An AI “intern” just blitzed a set of brutal logic puzzles (MaxSAT) by teaching itself new moves, coordinating across cloud machines, and pushing updates via Git — no humans in the loop. It solved 220 of 229 challenges, beat a few 2024 competition scores, and even cracked one nobody had before. The devs bragged numbers; the internet brought drama.
Skeptics pounced first. One voice argued the AI may have learned from a popular solver that wasn’t in the 2024 contest, throwing shade that the “novel” techniques weren’t so novel. Another chimed in with academic receipts, name-dropping university research on AI agents tuning these tools — translation: “cool, but you’re not the only ones on this.” Meanwhile, a confused reader asked what “our cost” even means, and a helpful reply cut through the fog: it’s just the quality score of the best solution found vs. the best known score — lower is better, think golf, not speed.
Then came the hot take: maybe AlphaDev — a system for discovering algorithms — would be a better play here. Cue the vibes: part “AI just speedran optimization,” part “show your sources,” with a side of “explain the scoreboard like I’m five.” It’s a victory lap with footnotes — and comment-section nitpicks keeping pace.
Key Points
- •An autonomous AI agent tackled 229 weighted MaxSAT instances from the 2024 MaxSAT Evaluation without human guidance.
- •The system coordinates via a shared GitHub repo; multiple agents iterate, share solutions and knowledge, and synchronize through git.
- •Deployment script automates setup on Amazon EC2, including dependency installation, benchmark download, and launching agents in tmux.
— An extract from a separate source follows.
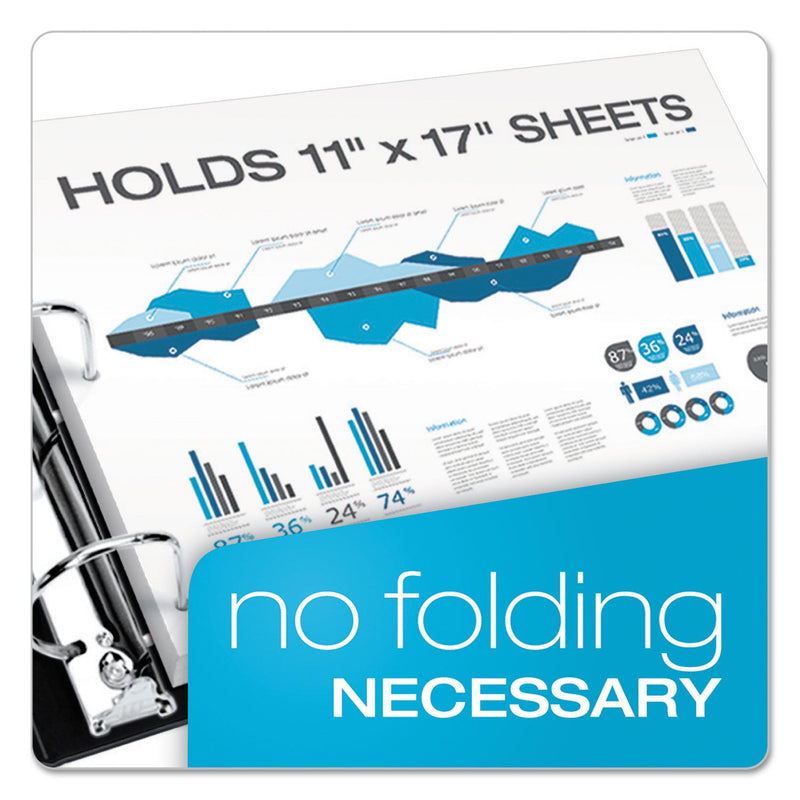 Cardinal ClearVue Slant-D Ring Binder, 3 Rings, 3" Capacity, 11 x 17, White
- •Results: 220/229 solved; 29 optimal, 4 better than competition bests, 1 novel solve; 9 remained unsolved due to scale or lack of references.
- •Discovered techniques include greedy SAT with selector variables, core-guided UNSAT core relaxation, WPM1, biased-SAT, clause-weighting local search (SATLike), tabu search, and multi-init with CaDiCaL and glucose4.